Users can set the size of the patches (i.e. the size of the image tiles in pixels) and the overlap of the tiles. If the “DFM” attribute is included in the vector file, this information is included in the segmentation masks and bounding boxes as well. The DFM value was used in the original vector data to indicate the quality of the archaeological features on the DFM and can be used to filter out data by quality during ML training.

Default values for patch creation parameters can not be changed and are:

* tile size of 512 pixels
* overlap of tiles by 0.5 tile (i.e. 256 pixels)

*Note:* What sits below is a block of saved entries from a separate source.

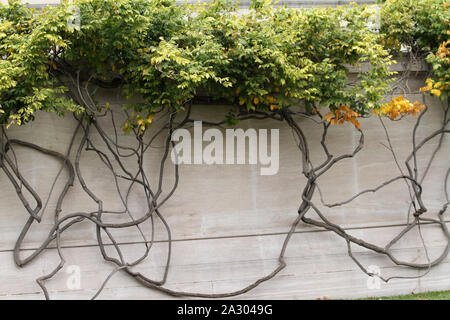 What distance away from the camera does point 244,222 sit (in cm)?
511

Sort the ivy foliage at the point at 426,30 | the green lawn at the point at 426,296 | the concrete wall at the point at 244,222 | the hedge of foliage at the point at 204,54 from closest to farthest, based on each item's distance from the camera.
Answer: the hedge of foliage at the point at 204,54
the concrete wall at the point at 244,222
the ivy foliage at the point at 426,30
the green lawn at the point at 426,296

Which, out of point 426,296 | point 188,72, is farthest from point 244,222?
point 426,296

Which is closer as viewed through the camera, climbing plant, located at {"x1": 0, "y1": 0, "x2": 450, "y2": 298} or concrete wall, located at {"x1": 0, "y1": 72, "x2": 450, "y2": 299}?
climbing plant, located at {"x1": 0, "y1": 0, "x2": 450, "y2": 298}

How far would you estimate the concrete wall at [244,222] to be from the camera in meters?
4.83

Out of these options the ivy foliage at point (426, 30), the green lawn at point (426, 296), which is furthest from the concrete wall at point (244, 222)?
the ivy foliage at point (426, 30)

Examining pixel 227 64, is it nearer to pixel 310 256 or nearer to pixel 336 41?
pixel 336 41

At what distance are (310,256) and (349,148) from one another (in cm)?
138

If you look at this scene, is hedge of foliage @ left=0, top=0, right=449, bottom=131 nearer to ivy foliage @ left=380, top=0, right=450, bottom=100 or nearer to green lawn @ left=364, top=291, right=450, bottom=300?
ivy foliage @ left=380, top=0, right=450, bottom=100

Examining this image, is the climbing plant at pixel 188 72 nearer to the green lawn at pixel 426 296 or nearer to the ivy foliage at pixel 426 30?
the ivy foliage at pixel 426 30

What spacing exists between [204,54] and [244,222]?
199cm

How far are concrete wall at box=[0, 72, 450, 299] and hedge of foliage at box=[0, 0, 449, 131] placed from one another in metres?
0.48

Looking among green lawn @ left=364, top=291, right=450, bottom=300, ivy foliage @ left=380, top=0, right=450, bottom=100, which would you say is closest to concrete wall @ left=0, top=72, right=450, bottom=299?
green lawn @ left=364, top=291, right=450, bottom=300

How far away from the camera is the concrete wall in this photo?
4832 millimetres

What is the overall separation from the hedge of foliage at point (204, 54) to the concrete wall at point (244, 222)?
1.56 ft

The ADAF is set up for detection of three default classes, namely barrows, ringforts and enclosures. The procedure for creating patches follows this format, which means that masks can contain up to 3 different classes (not necessarily using the default names of labels). At least one vector file must be specified. In this case, the segmentation mask still has 3 bands, but only the first band is filled with the labelled data.

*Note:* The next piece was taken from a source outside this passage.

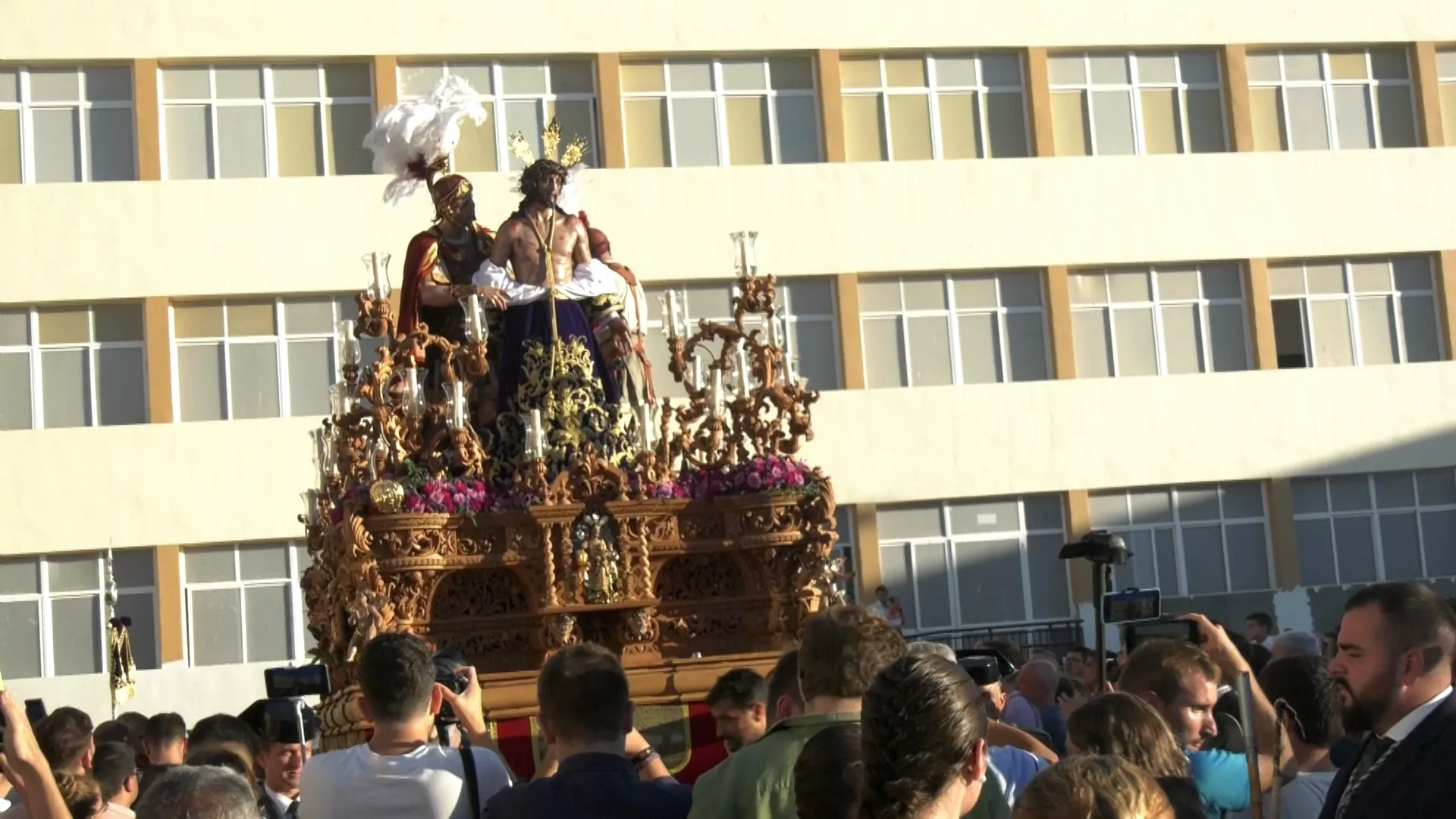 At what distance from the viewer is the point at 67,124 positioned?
27.0 metres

> NOTE: When training or retraining the models, only one band from the segmentation mask is used at a time. The user must specify the band ID and the corresponding labelling name.

INPUTS:

- input_name
- segmentation_masks
- output_dir

```
The dictionary HAST TO BE!!! in this format
- At least one label and max 3 labels (there are no check)
- Key is name of thw label and Value is path to vector file.
- Can use any label name, in the example default ADAF names are used:

segmentation_masks = {
    "barrow": r"../test_data/test_patches/arch/barrow_segmentation_TM75.gpkg",
    "enclosure": r"../test_data/test_patches/arch/enclosure_segmentation_TM75.gpkg",
    "ringfort": r"../test_data/test_patches/arch/ringfort_segmentation_TM75.gpkg"
}
```

In [10]:
# Define paths to inputs and outputs
input_image = vis_vrt
output_dir = r"./test_data/test_patches/training_samples"

# Define paths to masks
segmentation_masks = {
    "barrow": r"./test_data/test_patches/arch/barrow_segmentation_TM75.gpkg",
    "enclosure": r"./test_data/test_patches/arch/enclosure_segmentation_TM75.gpkg",
    "ringfort": r"./test_data/test_patches/arch/ringfort_segmentation_TM75.gpkg"
}

# Run create patches
create_patches_main(input_image, segmentation_masks, output_dir)


Start multiproc


Training a completely new class requires only a single vector file with labelled data when creating patches. As only one vector file has been provided, only the first band of the segmentation mask file is filled with valid data, the other two bands contain all zeros. When training a new model ([**semantic segmentation**](train_and_evaluate_semantic_segmentation.ipynb) or [**object detection**](train_and_evaluate_object_detection.ipynb)), the user must specify band 1 and give the class a new name. For example, you would want to retrain the model to train a "new_feature", follow this template:

In [None]:
# Define paths to inputs and outputs
input_image = vis_vrt
output_dir = r"./test_data/test_patches/training_samples"

# Define paths to masks
segmentation_masks = {
    "new_feature": r"./test_data/test_patches/arch/new_feature_segmentation.gpkg"
}

# Run create patches
create_patches_main(input_image, segmentation_masks, output_dir)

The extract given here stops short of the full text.